This program tries to recover the lost precision of DCT coefficients based on a quantization table from a JPEG image. The result is saved as a JPEG image with quantization set to 1 (like a JPEG saved at 100% quality).

You may not notice jpeg artifacts on the screen without zooming in, but you may notice them after printing. Also, when editing compressed images, artifacts can accumulate, but if you use this program before editing - the result will be better.

  • The original project page is here.

  • You can save a smoothed image with the original quantization tables, which will result in the same DCT coefficients as in the original image. (Note: chroma will be slightly different if upsampling is used at quality level 6)

  • Since this program uses quantization tables to recreate DCT coefficients, applying it to JPEG images that have been re-saved multiple times may not produce good results, as it can recover only from the last JPEG recoding, and not from the previous ones.

WebAssembly

Web version available here. Images are processed locally on your computer. Without multithreading and SIMD optimizations it runs slower than native code.

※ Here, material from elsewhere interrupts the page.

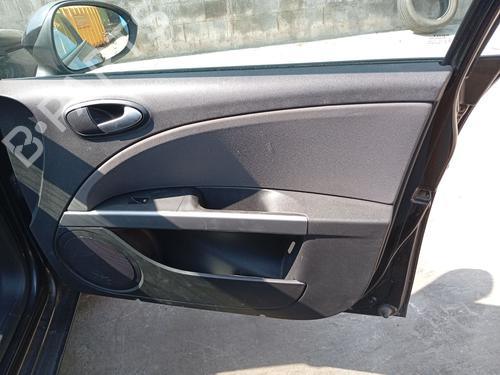 Used Front right panel Front right panel 36342353 36342353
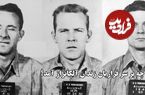 ببینید؛ فرار تاریخی از زندان آلکاتراز؛ آیا سه زندانی هنوز زنده‌اند؟ نامه‌ای در سال ۲۰۱۳ : من ۸۳ سالمه و هنوز زنده‌ام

  • Click the "Load" button or drag-n-drop JPEG image into the browser window. After processing is complete, you can save the result by clicking the "Save" button. You can edit the filename field before saving. The options field is passed to the wasm code when you initiate a processing by loading a file.

Usage

jpegqs [options] input.jpg output.jpg

Options

-q, --quality n Quality setting (0-6, default is 3)
-n, --niter n Number of iterations (default is 3)
-t, --threads n Set the number of CPU threads to use
-o, --optimize Option for libjpeg to produce smaller output file
-v, --verbose n Print libjpeg debug output
-i, --info n Print quantsmooth debug output (default is 15)
Use the sum of flags: 0 - silent, 1/2/4 - various information, 8 - processing time, 16 - SIMD type.
-p, --cpu n Use to lower the SIMD type if CPU detection fails:
0 - auto, 1 - scalar, 2 - SSE2, 3 - AVX2, 4 - AVX512. (x86 build selects between modes 1-3, x86_64 from 2-4)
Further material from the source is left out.